There was a time when you could get your “daily dose of crazy” from the comments section of SignOnSanDiego.com (or so said a colleague). But, those days may be numbered as the online arm of the San Diego Union-Tribune moved to Facebook comments earlier this week.
The UT explained in an article that they hope the move away from anonymous comments will lead to “more civil and constructive” dialogue between readers. While it’s too early to tell if this has happened, several other newspapers have already instituted Facebook comments, like the Los Angeles Times, or are in the process of doing so, like USA Today, who is rolling it out on their online blogs in the coming week. And others, like the New York Times and Washington Post, are considering it.

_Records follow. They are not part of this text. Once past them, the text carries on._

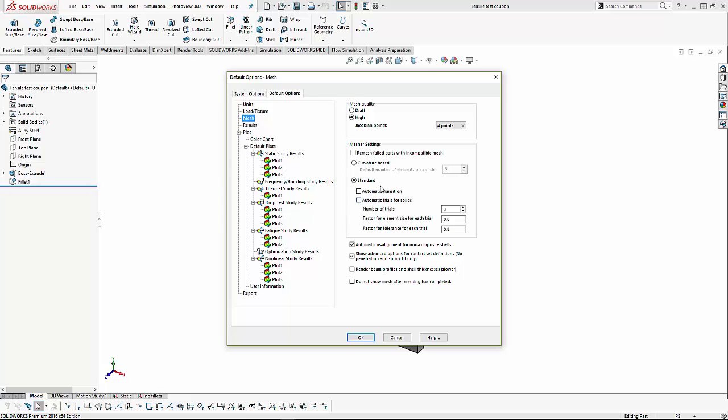If we have the standard mesh turned on, and we turn on an option for automatic transition, that does a similar mesh refinement as the curvature-based does. It looks for small features that need refined mesh. We can also have the software automatically loop if the mesh fails, so automatic trials for solids. We can set the number of trials we're going to allow, and what percent reduction we want from trial to trial.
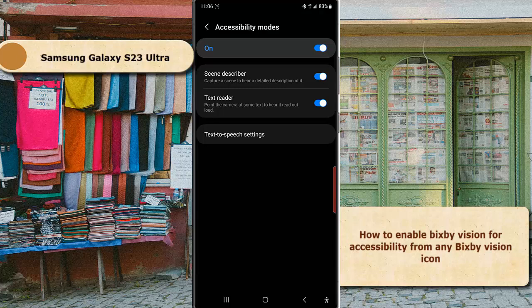If enabled, options will be shown in the Accessibility tab while opening PXP Vision. The first available option is Scene Describer. You can enable this option to capture a screen with PXP Vision and hear a detailed description of it.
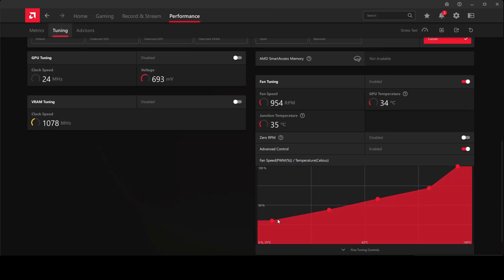When you play video games, you will see that the fans are just actively working, so the cooling was more active than it was before, and that solved the issue for me.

Prior to the change, reading through comments on any SignOnSanDiego article often required the mental equivalent of a flak jacket. Because of the facelessness of the commenting system, things got ugly (and off-topic) quickly. Unsurprisingly, the media sees censorship as anathema, so comments were rarely censored.
But, by putting a face to a real name, newspapers and other media organization hope people will think twice about what they say — just like they do in real life — and employ a little self-censorship. Would uglycommenter78 still say the same thing if he was instead listed as John Smith and had his picture posted next to his name? It’s an interesting exercise and one that will be played out in the (online) court of opinion for some time.
We have a few guiding principles that we use in moderating comments both on SDSU NewsCenter and on the university’s Facebook page. We don’t mind disagreement or frustration. We dislike spam (who doesn’t?) and have zero tolerance for hate speech. Still, we rarely delete comments.
Maybe that’s because we’re lucky, that we’re all Aztecs or maybe it’s because of the system we employ, DISQUS, which lets users create profiles anonymously or based on existing social networking profiles. Either way, we’ll keep an eye on things.
So, read, comment and get a (courteous) conversation going.